Increased advertising by companies during September played a role in sustaining strong business output and attracting new clients as the headline Stanbic Bank Purchasing Index (Stanbic PMI) dropped slightly to 54.2 compared to the 56.3 posted in August. The threshold for a positive business outlook is 50.0.
Christopher Legilisho, Economist at Stanbic Bank said, “Strong business output and new order growth were linked to robust client demand, reinforced by effective advertising. Firms foresee healthy client demand conditions over the coming year, with plans alongside to increase investment in advertising and new products. Employment remained healthy in September, with firms stepping up purchases and inventory stocks on the expectation of sustained strong demand.”
The Stanbic PMI is compiled by S&P Global from responses to questionnaires sent to about 400 purchasing managers. The sectors covered by the survey include agriculture, mining, manufacturing, construction, wholesale, retail and services.

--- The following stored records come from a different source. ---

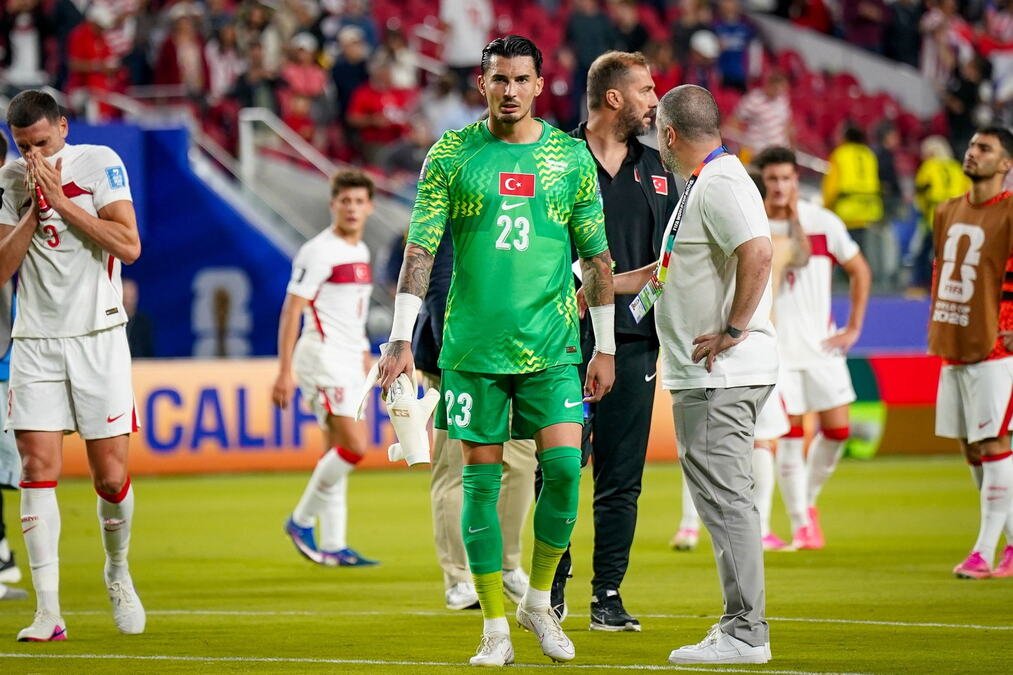 SKANDAL NA MUNDIJALU! IME ZABRANJENE LEGENDE SE POJAVILO NA STADIONU: Izdao Erdogana, proglasili ga teroristom i proterali! Ovo je za Turke bolnije od ispadanja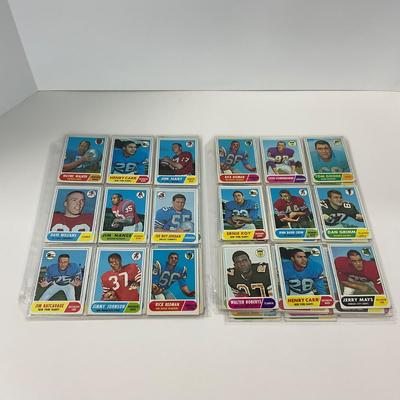 -54- SPORTS | 1968 Topps Football Cards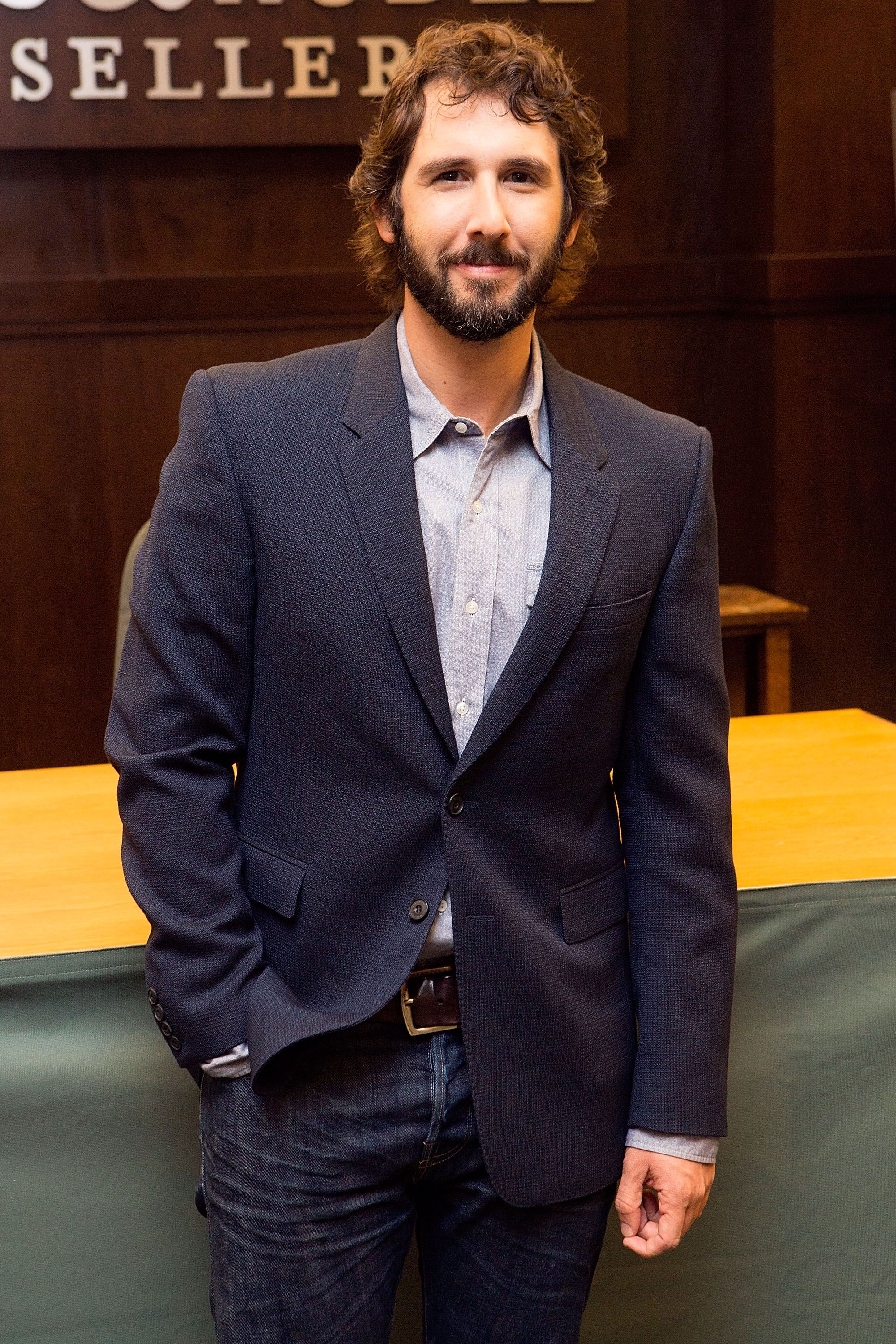 Josh Groban signs copies of his new album "Stages" at Barnes & Noble bookstore on May 8, 2015, in Los Angeles, California | Photo: Gabriel Olsen/Getty Images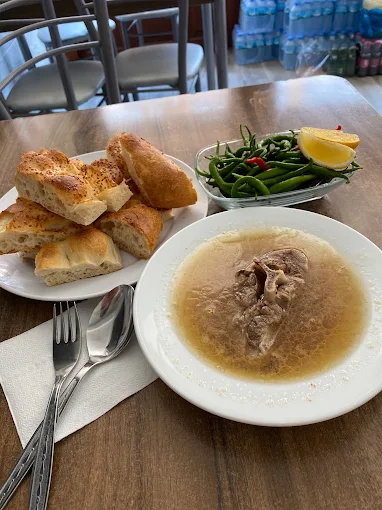 Çavuş ‘ Un Yeri Meşhur Muğla Kebabı Ve Köftesi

The PMI is a weighted average of the following five indices: New Orders (30%), Output (25%), Employment (20%), Suppliers’ Delivery Times (15%) and Stocks of Purchases (10%).

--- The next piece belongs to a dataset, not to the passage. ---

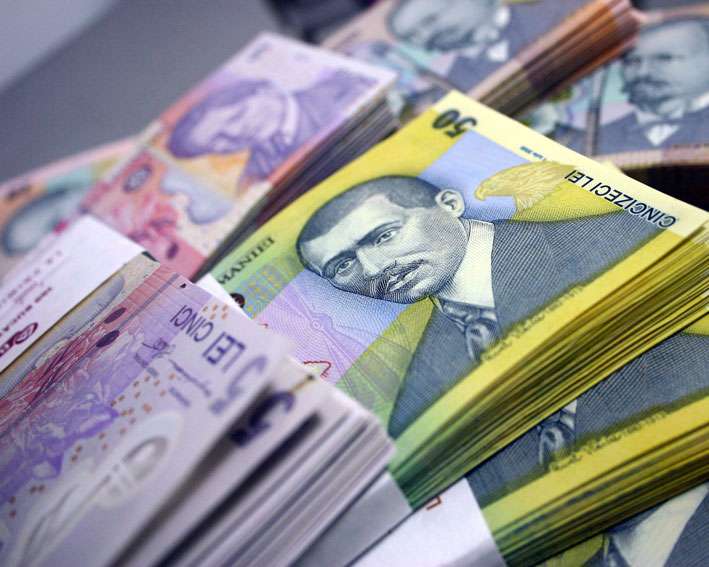 74% dintre români consideră că banii sunt murdari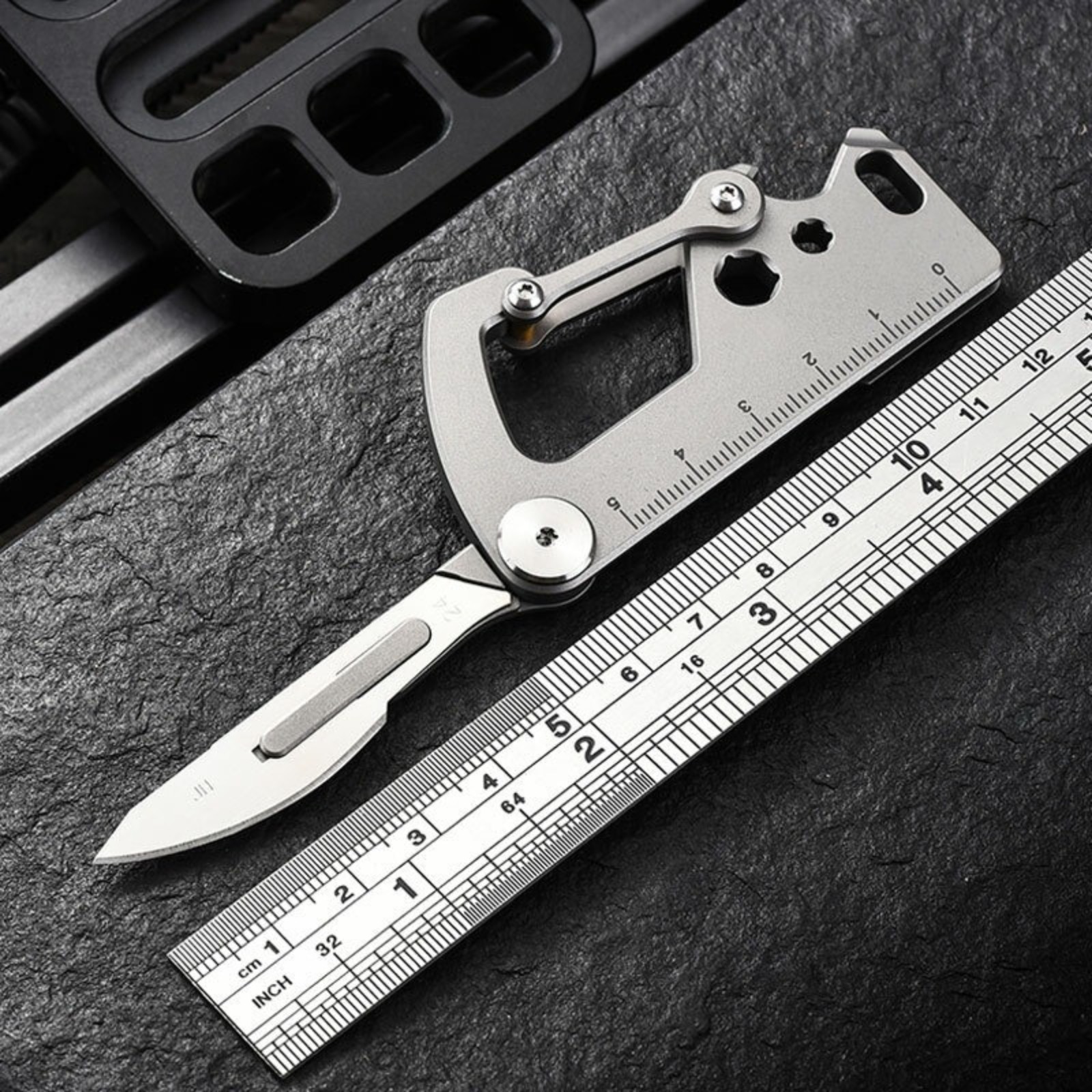 7 in 1 TC4 Lsand Multi Tools Key Chain Carabiner Outdoor Folding Scalpel EDC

According to the latest survey, the Ugandan private sector remained in growth territory during September. The continued improvement in business conditions was driven by expansions in output, new orders and employment. Demand strength also supported positive output expectations for the year ahead, as firms foresee increased business activity.

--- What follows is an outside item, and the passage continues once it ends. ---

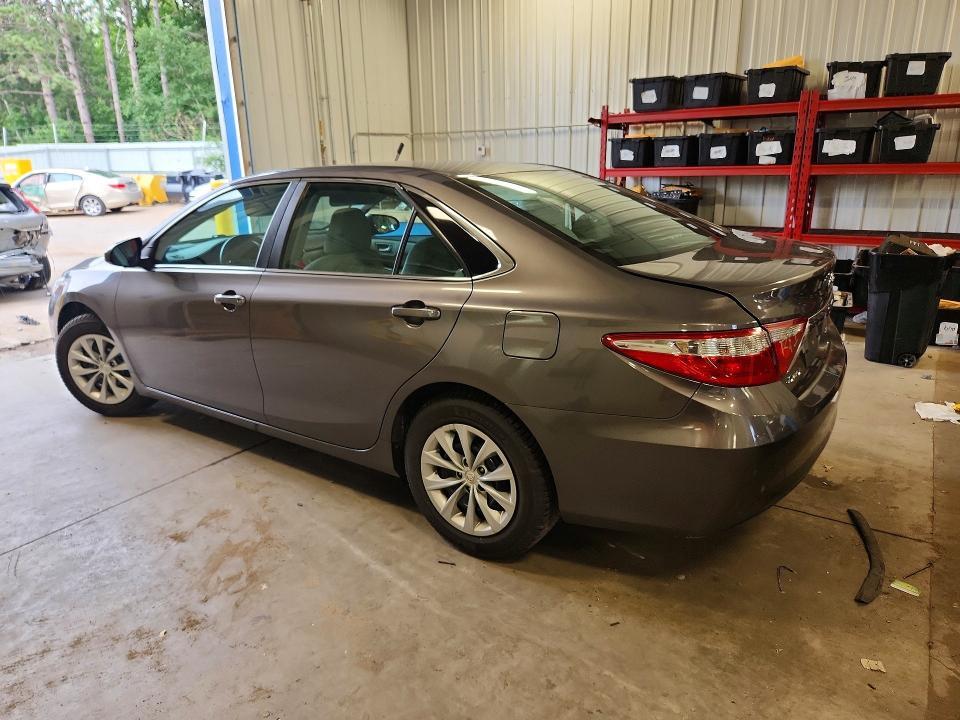 2016 TOYOTA CAMRY LE — Фото 2 из 12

Parallel to shorter lead times on inputs, companies continued to raise their purchasing activity amid greater new orders. In turn, firms sought to build inventories further to support future output.
Ugandan businesses are now stepping up their input buying again in a bid to boost inventories further. The rise in purchasing activity came amid another improvement in vendor performance
Meanwhile, despite broadly unchanged staff costs, higher purchase prices pushed total operating expenses up. In line with higher overall input prices, companies signaled a renewed rise in output charges.
Legilisho said, “Both input and purchase prices increased relative to August, reflecting higher prices for raw materials as well as higher utility bills. Wage prices broadly stagnated in September as businesses increased output prices, thereby passing the higher costs on to consumers. Positively, this did not translate into high inflation during the month as the rate of inflation declined to 3% year-on-year (y/y) in September from 3.5% in August.”
Although growth in output was broad- based by sector, construction firms noted a renewed decline in new orders during September.
Overall input costs continued to increase in September, as has been the case in each month since August 2021. Panelists commonly stated that higher utility bills (including water and electricity) and supplier prices were driving factors behind inflation.
Whilst staff costs broadly stagnated on the month, purchase prices rose further and pushed up total input costs.
Amid accommodative demand conditions, firms sought to pass- through higher costs to customers. Selling prices increased in September, following a brief decline in August.
In line with greater new orders, Ugandan companies expanded their workforce numbers in September. The current sequence of job creation was extended to a year-and-a-half.
Sufficient capacity enabled firms to resume the depletion of backlogs of work, following a rise in August. Supporting the rise in employment was further business confidence in the year-ahead outlook for output. Optimism reportedly stemmed from planned investment in new products and more planned advertising.